## EXERCISE PROMPT
Exact copies of all the lines below are required, with the pictures omitted.

## SUPPLIED INFORMATION
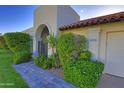 Charming front exterior with lush landscaping, terracotta roof tiles and brick walkway at 5718 N 72Nd Pl, Scottsdale, AZ 85250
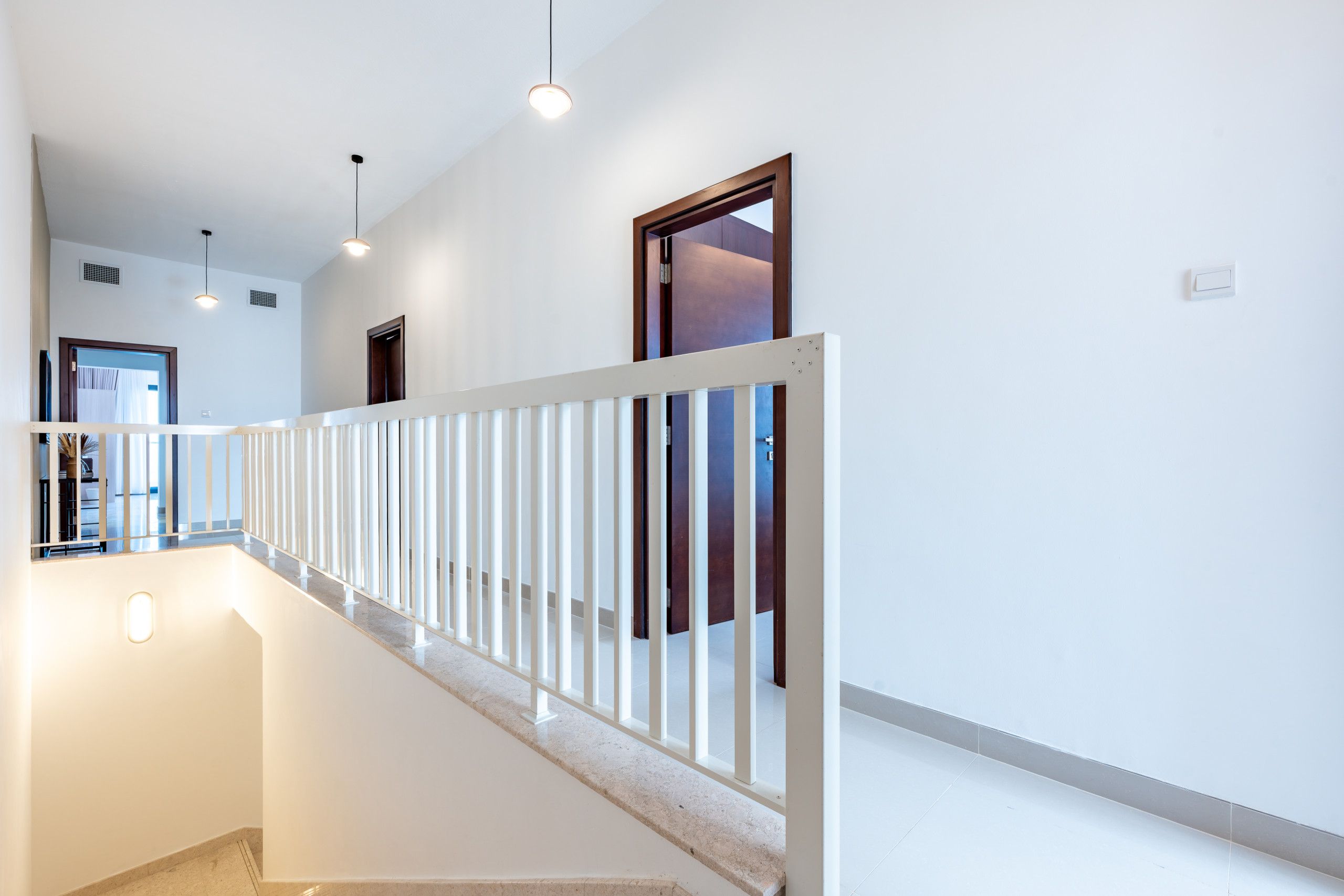 Un interior moderno con barandal blanco, una escalera y una puerta que conduce a otra habitación.
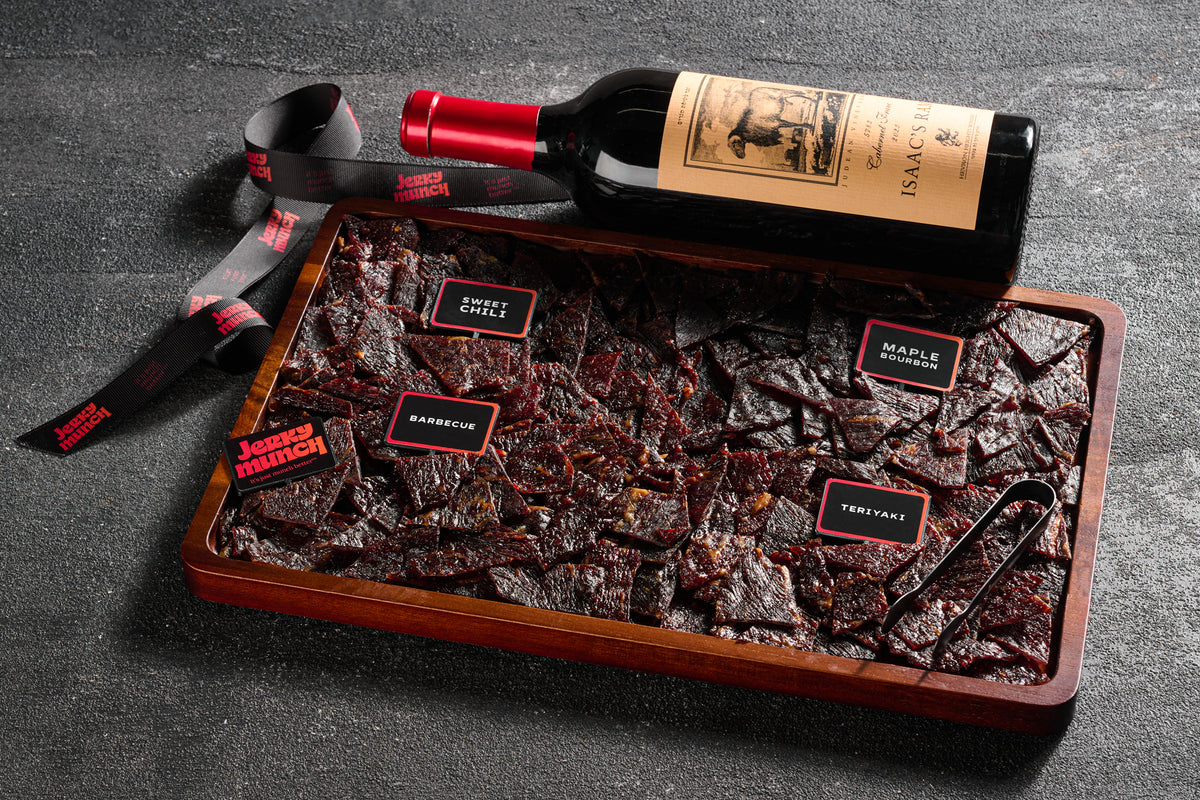 Kosher beef jerky board with flavor labels, served with a bottle of wine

## EXERCISE ANSWER
 Charming front exterior with lush landscaping, terracotta roof tiles and brick walkway at 5718 N 72Nd Pl, Scottsdale, AZ 85250
 Un interior moderno con barandal blanco, una escalera y una puerta que conduce a otra habitación.
 Kosher beef jerky board with flavor labels, served with a bottle of wine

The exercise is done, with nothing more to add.